Hypersexualisation: médias sociaux, image de soi et estime personnelle

Avec l’évolution rapide de la technologie, le téléphone intelligent est probablement l’appareil le plus utilisé au quotidien. En effet, grâce à la mobilité, chacun peut se mettre en scène sur les réseaux sociaux à tout moment du jour. Ainsi, avec le dévoilement de soi, le sujet de l’hypersexualisation dans les médias sociaux est vite devenu très controversé.

Facebook, Twitter, Intagram, Tik Tok… toutes ces applications offrent aux usagers de devenir des producteurs de contenu. Ainsi, elles permettent de se « dévoiler » sur Internet, que ce soit de manière littérale ou figurée. Nous nous sommes alors questionnés sur l’hypersexualisation du corps dans les réseaux sociaux. Dans quelle mesure l’exposition de notre corps peut être qualifié de déplacée, d’artistique ou revendicatrice? Un tel dévoilement de notre intimité est-il cohérent avec les revendications liées à nos libertés individuelles? Devrait-on considérer les réseaux sociaux comme outils accélérant l’hypersexualisation ou comme un moyen concret de lutter contre celle-ci? 

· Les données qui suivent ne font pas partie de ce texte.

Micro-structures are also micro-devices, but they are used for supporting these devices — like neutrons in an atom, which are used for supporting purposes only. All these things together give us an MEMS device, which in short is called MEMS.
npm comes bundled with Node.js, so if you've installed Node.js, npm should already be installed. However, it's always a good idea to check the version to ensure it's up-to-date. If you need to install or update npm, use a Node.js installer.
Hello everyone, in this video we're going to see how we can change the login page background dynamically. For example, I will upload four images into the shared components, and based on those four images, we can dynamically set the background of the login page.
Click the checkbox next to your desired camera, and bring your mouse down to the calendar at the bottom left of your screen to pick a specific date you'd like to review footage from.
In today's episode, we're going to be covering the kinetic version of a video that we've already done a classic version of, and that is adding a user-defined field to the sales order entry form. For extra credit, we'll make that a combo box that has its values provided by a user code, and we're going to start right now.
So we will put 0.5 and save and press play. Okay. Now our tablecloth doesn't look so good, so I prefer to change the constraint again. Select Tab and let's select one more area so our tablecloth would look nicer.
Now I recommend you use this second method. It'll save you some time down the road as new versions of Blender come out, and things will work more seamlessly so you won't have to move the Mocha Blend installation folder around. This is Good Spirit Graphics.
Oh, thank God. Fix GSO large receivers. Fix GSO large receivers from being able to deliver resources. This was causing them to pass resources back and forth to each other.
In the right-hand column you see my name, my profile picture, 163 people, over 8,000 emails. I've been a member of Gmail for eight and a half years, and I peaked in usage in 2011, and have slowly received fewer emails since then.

L’hypersexualisation, c’est quoi?

Le phénomène d’hypersexualisation dans les médias sociaux ne date pas d’hier. En fait, on a découvert ce phénomène durant la révolution sexuelle des années 1960 (1). Selon le dictionnaire Larousse, c’est le « fait d’accorder une place de plus en plus importante à la sexualité, en multipliant les références à celle-ci dans l’espace public » (2). Avec l’avènement du numérique et des réseaux sociaux, la sexualité est devenue peu à peu une méthode de markéting efficace. Ainsi, sur les divers réseaux sociaux, il est facile de constater l’utilisation de la sexualité à des fins promotionnelles en tout genre. Ce phénomène amène sans aucun doute à une certaine l’hypersexualisation. Par ailleurs, cette tendance a été beaucoup propagée par les influenceurs/euses qui, à des fins de vente, vont utiliser leur corps de manière suggestive. En d’autres mots, la promotion d’un produit se fait à travers du contenu à caractère sexuel.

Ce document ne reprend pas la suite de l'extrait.